Ponto-chave na avaliação da CIA foi ser o príncipe o governante de fato do seu país, supervisionando mesmo assuntos pouco importantes. Disse um oficial que conhece as conclusões da agência: “A posição aceita (da CIA) é que não havia jeito disto (o crime) ter acontecido sem ele estar a par ou envolvido.”

Muita gente confiou pouco nas gloriosas declarações de Trump, nas quais ele garantiu que os culpados pelo assassinato no consulado seriam punidos com rigor pelos EUA. Afinal, a vítima era um cidadão habitante da América e colunista de um dos mais respeitáveis jornais de Tio Sam.

Era a última campanha eleitoral, valia à pena mostrar-se machão e defensor dos mais caros valores do American Way of Living.

É verdade que ele sempre insistiu que considerava absurdo deixar de vender à Arábia Saudita 110 bilhões em armas, supostamente geradores de 500 mil empregos, aumentados em entrevista posterior para 600 mil, e mais recentemente, para 1 milhão.

Agora, eleições passadas, The Donald tirou a máscara.

A CIA apontando seu dedo acusador para o príncipe Mohamed não foi levada em conta.

O morador da Casa Branca começou a mudar suas promessas de punição aos criminosos e mandantes da execução do jornalista, através de John Bolton, seu magno conselheiro de segurança.

Este ardente falcão, talvez o mais feroz membro desta violenta espécie, menosprezou as conclusões da CIA. Não seriam de alarmar ninguém. Quem as leu teria contado a Bolton que, para a agência, MBS não estava envolvido (Middle East Eye, 13 de novembro).

Mentiu.

Até aí, nada demais, não se espera que um destacado homem de confiança de Trump fale sempre a verdade.

O que é intrigante é The Donald admitir ser possível punir os culpados pelo assassinato e manter as boas relações com o “excepcional aliado”que é o governo saudita.
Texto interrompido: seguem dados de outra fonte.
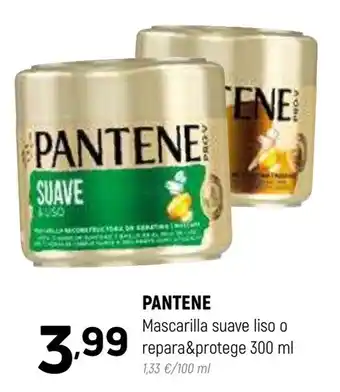 Coviran PANTENE Mascarilla suave liso o repara&protege 300 ml 1,33 €/100 ml oferta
Levando as coisas a sério, será que o rei Salman continuaria sua fraternal e lucrativa (pelo menos para as indústrias de armas) amizade com os americanos depois do mandante do crime, seu amado filho, MBS, ser sancionado pelos EUA?

É uma pergunta que não quer, mas que acabará tendo de se calar.

Trump sempre negará que o angelical príncipe saudita possa ser culpado do nefando crime.

Mentirosamente, ele já deixou claro que a CIA não chegou ainda a qualquer conclusão.

Do que depender dele, jamais chegará. Se chegar, estará errada.

Quando questionado, The Donald vai repetir o que fez há alguns dias: exaltar a contribuição das importações sauditas para o bem estar americano e a importância do reino na luta contra o odiado e demoníaco Irã.

Aliás, possivelmente são estes mesmo os principais motivos do presidente americano  colocar o príncipe Mohamed acima de qualquer suspeita.

É necessário agradar as poderosas industrias bélicas dos EUA – grandes financiadoras dos candidatos republicanos – e contar com o apoio saudita para impedir os iranianos de continuarem sendo uma pedra no sapato na hegemonia americana no Oriente Médio.

A imprensa vai acabar se interessando por novos assuntos que chamem a atenção do seu público.

E assim, Trump espera, também o povo americano. Nos dois anos até as novas eleições presidenciais, esse malfadado assassinato deverá ser esquecido.

The Donald aposta que não irá prejudicar muito sua campanha pela reeleição.